**SUPPLIED DATA:**
---------------

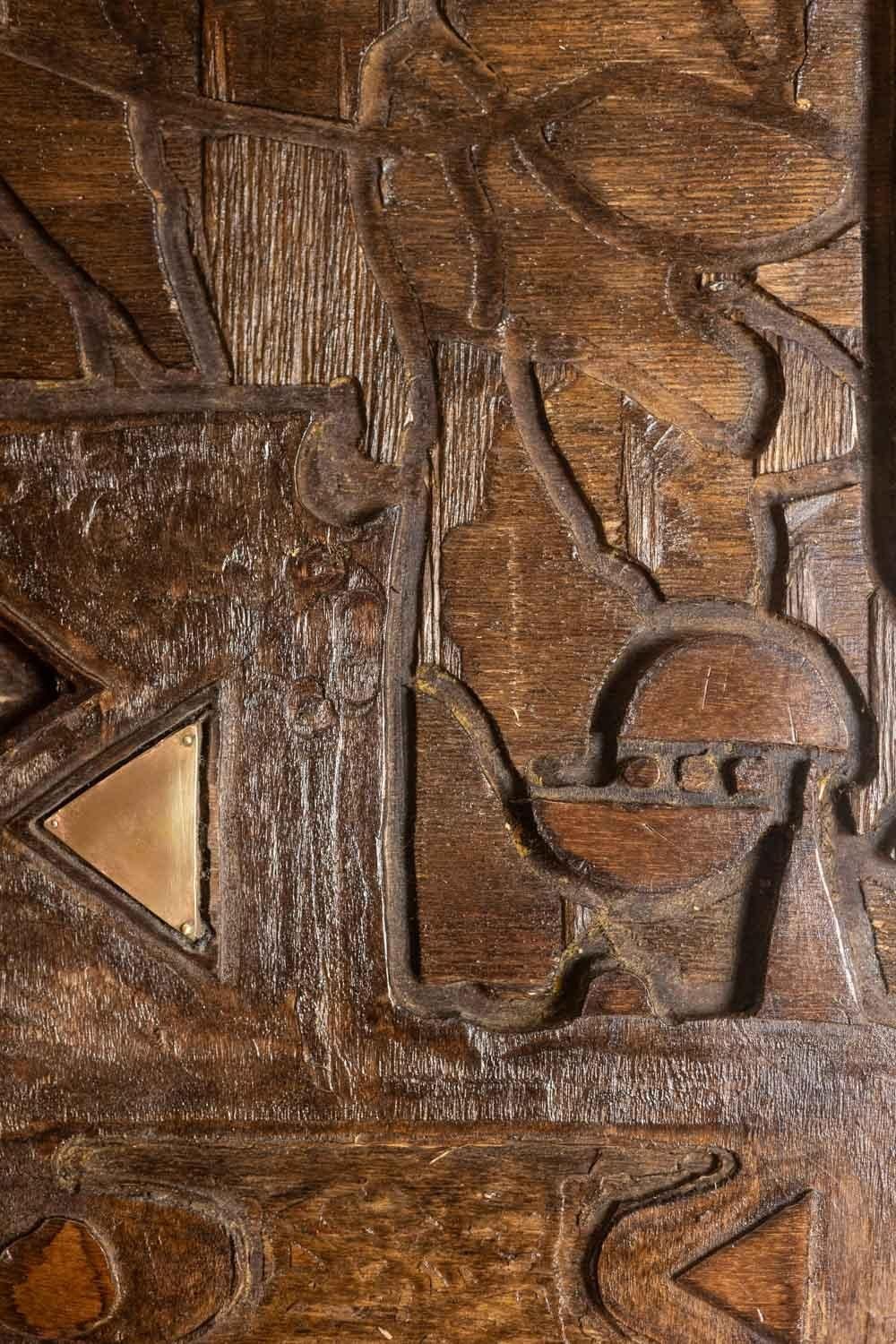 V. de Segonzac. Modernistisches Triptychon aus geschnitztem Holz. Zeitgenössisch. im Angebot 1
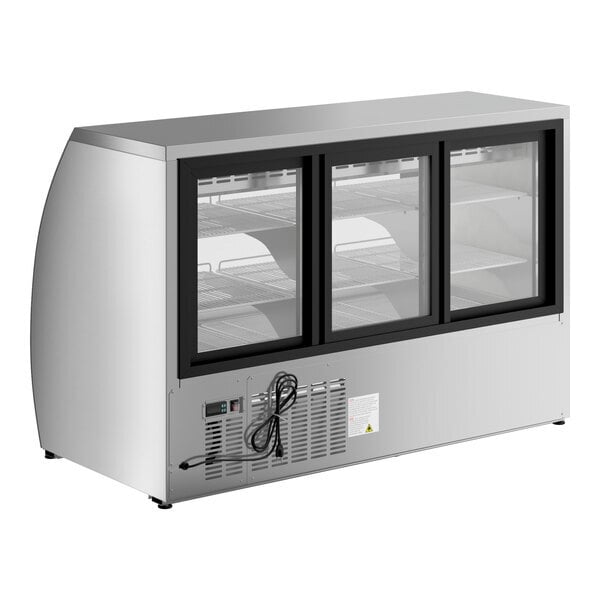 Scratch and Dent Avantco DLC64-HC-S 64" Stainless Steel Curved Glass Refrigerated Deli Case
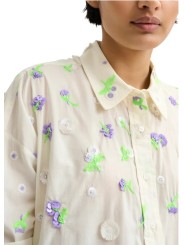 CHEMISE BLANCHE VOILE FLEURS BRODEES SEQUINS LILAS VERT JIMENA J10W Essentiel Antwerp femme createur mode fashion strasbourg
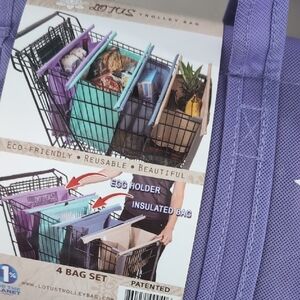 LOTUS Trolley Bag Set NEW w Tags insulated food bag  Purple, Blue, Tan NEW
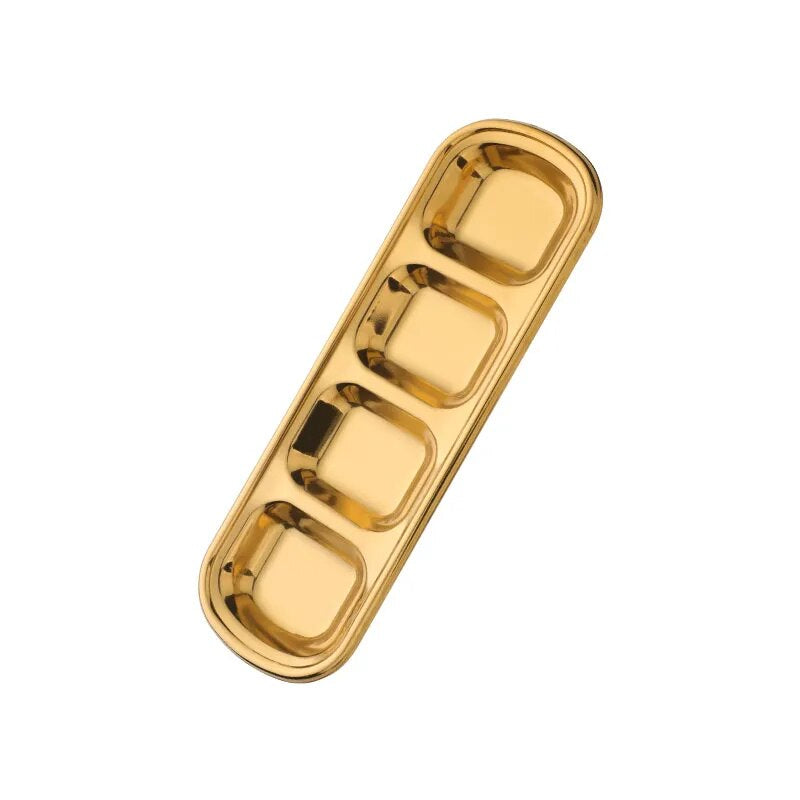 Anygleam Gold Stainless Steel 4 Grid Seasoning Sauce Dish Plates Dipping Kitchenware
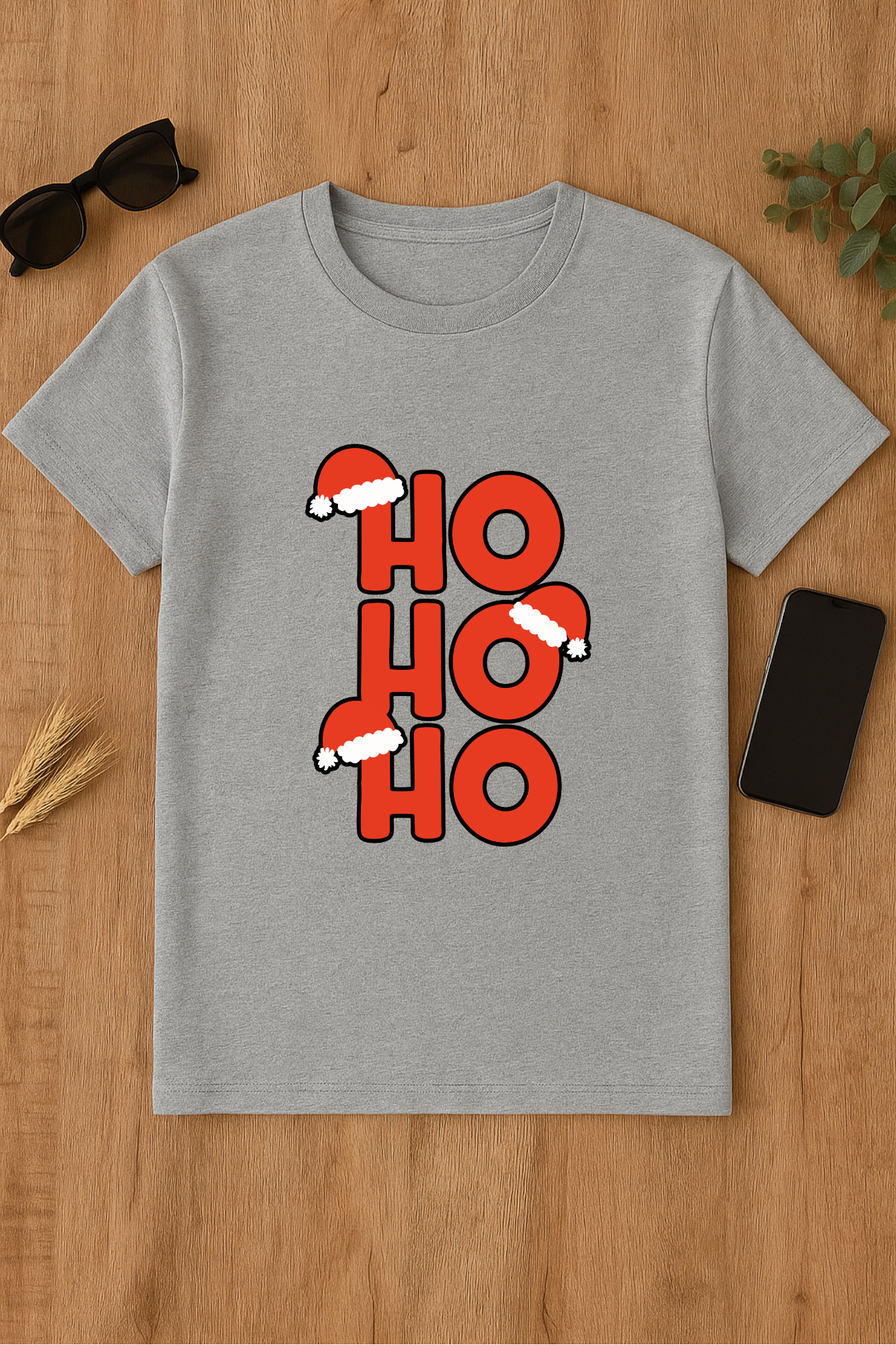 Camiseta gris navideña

---------------

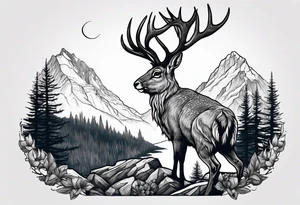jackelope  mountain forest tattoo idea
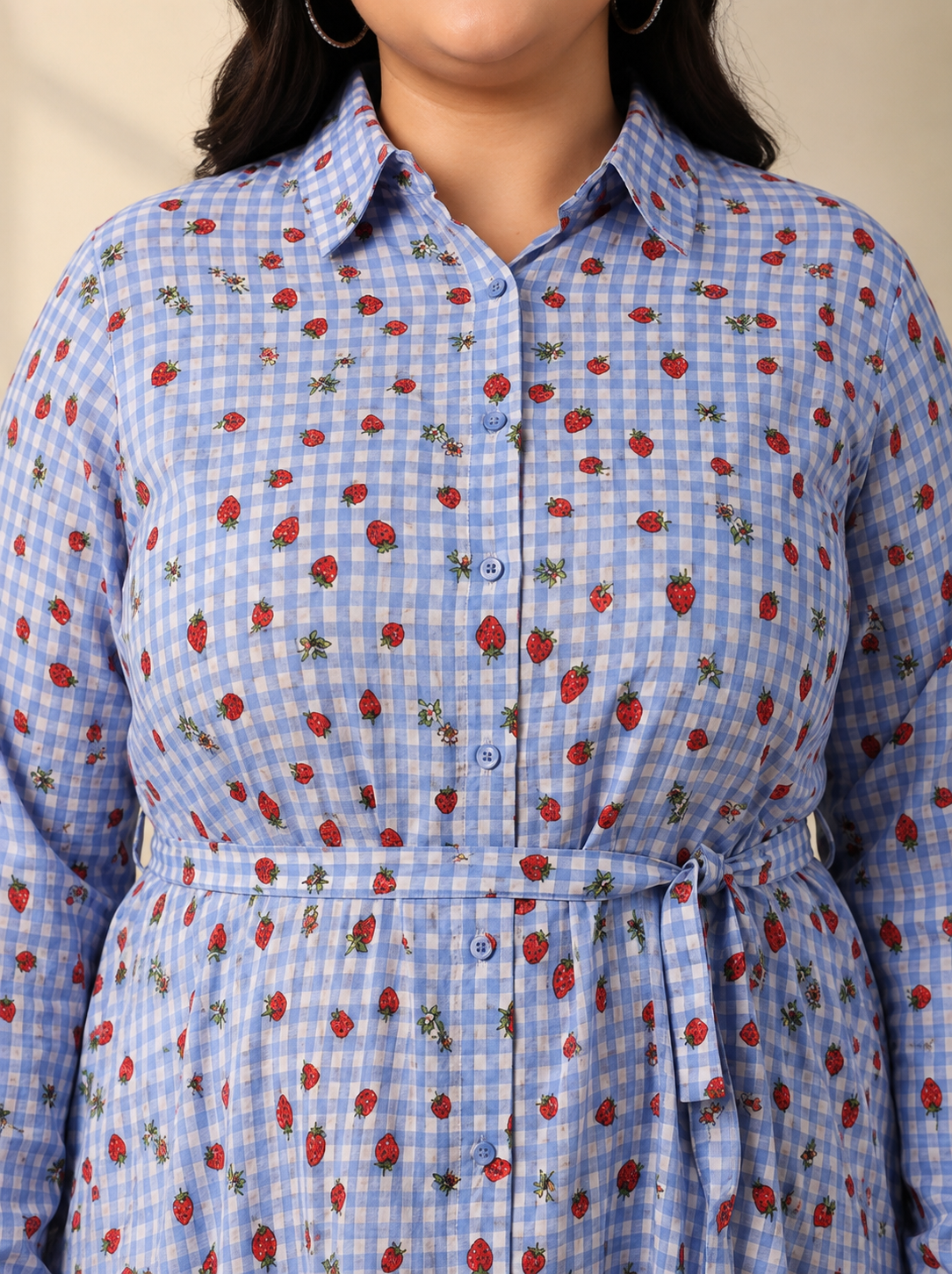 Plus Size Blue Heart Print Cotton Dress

---------------

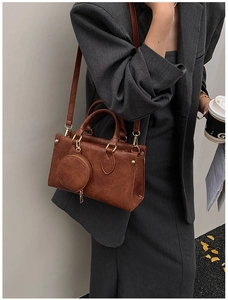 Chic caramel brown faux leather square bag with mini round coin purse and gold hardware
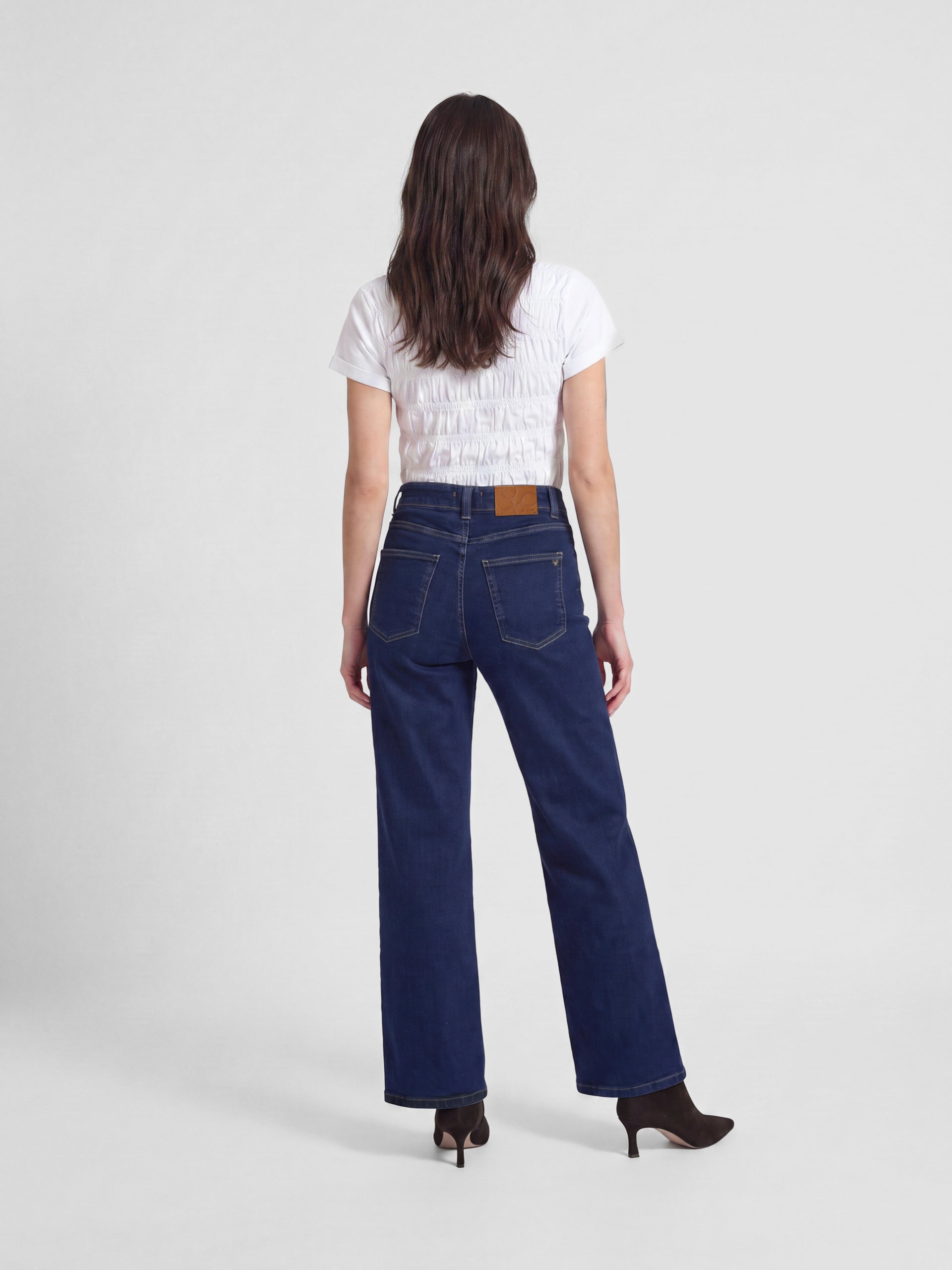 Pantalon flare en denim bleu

---------------

**TASK GOAL:** When copying from the data above, print only the lines from the line containing "V. de Segonzac." to the line containing "Camiseta gris navideña", exactly, and leave the pictures out.

**TASK OUTPUT:**
 V. de Segonzac. Modernistisches Triptychon aus geschnitztem Holz. Zeitgenössisch. im Angebot 1
 Scratch and Dent Avantco DLC64-HC-S 64" Stainless Steel Curved Glass Refrigerated Deli Case
 CHEMISE BLANCHE VOILE FLEURS BRODEES SEQUINS LILAS VERT JIMENA J10W Essentiel Antwerp femme createur mode fashion strasbourg
 LOTUS Trolley Bag Set NEW w Tags insulated food bag  Purple, Blue, Tan NEW
 Anygleam Gold Stainless Steel 4 Grid Seasoning Sauce Dish Plates Dipping Kitchenware
 Camiseta gris navideña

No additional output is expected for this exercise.